Action item: Output the data below exactly, without images.

START Collected material

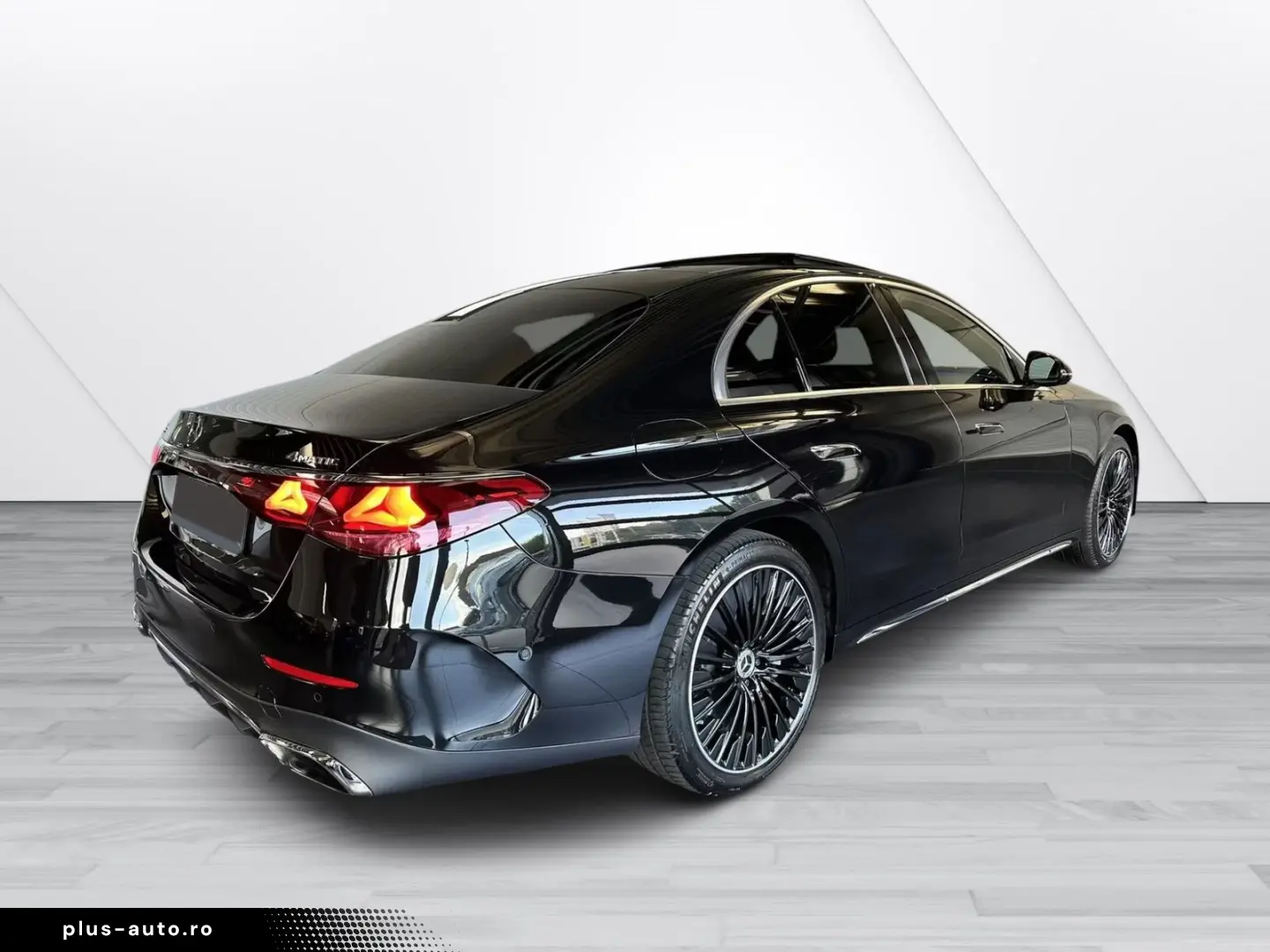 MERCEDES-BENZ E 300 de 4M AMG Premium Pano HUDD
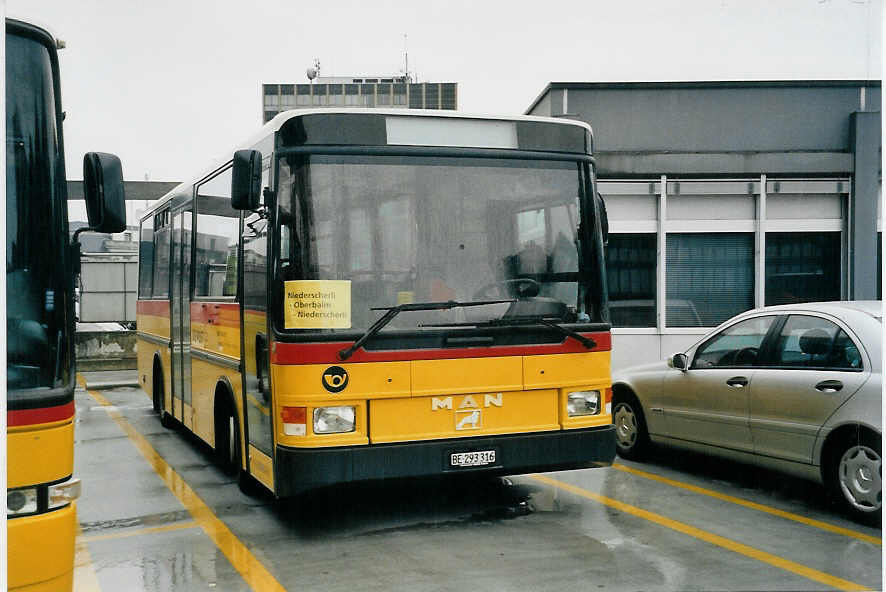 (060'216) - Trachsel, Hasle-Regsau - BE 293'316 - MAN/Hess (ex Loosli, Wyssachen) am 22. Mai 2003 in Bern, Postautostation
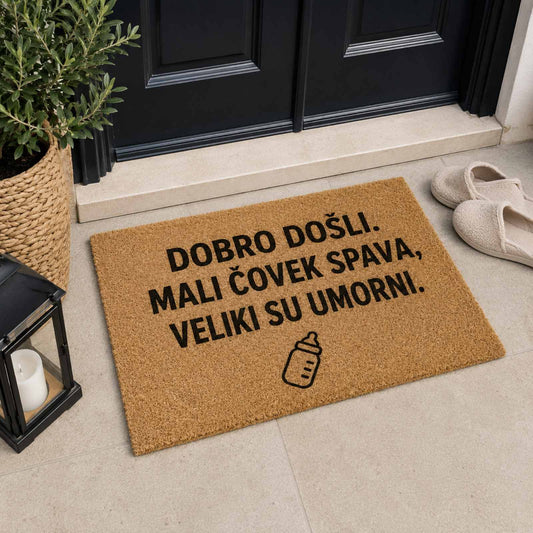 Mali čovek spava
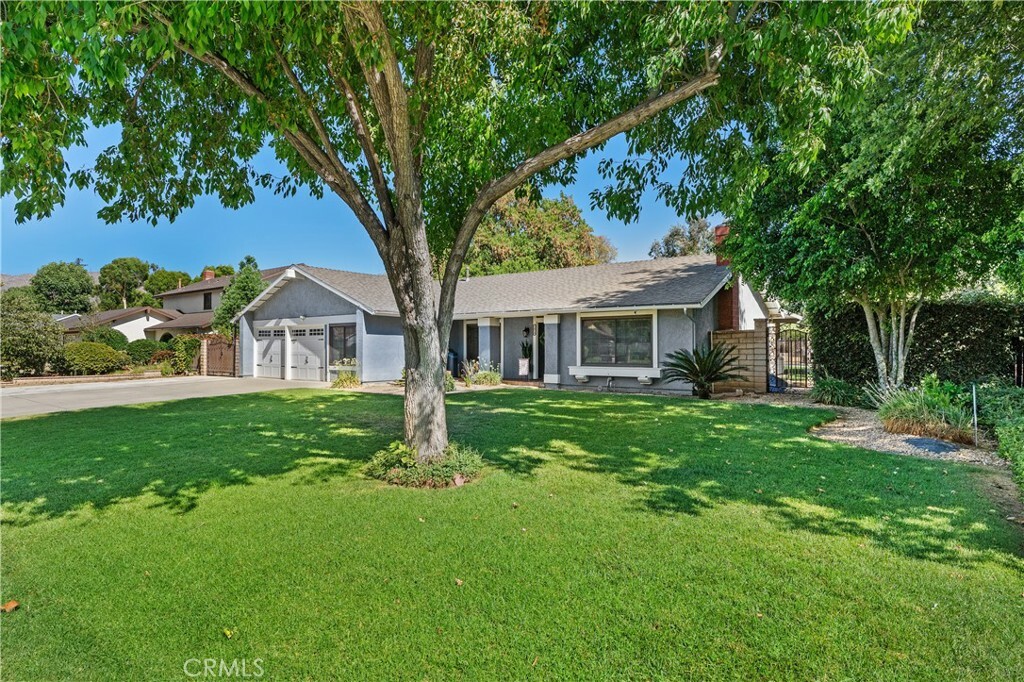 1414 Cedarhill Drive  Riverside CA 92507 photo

END Collected material

Expected answer:
 MERCEDES-BENZ E 300 de 4M AMG Premium Pano HUDD
 (060'216) - Trachsel, Hasle-Regsau - BE 293'316 - MAN/Hess (ex Loosli, Wyssachen) am 22. Mai 2003 in Bern, Postautostation
 Mali čovek spava
 1414 Cedarhill Drive  Riverside CA 92507 photo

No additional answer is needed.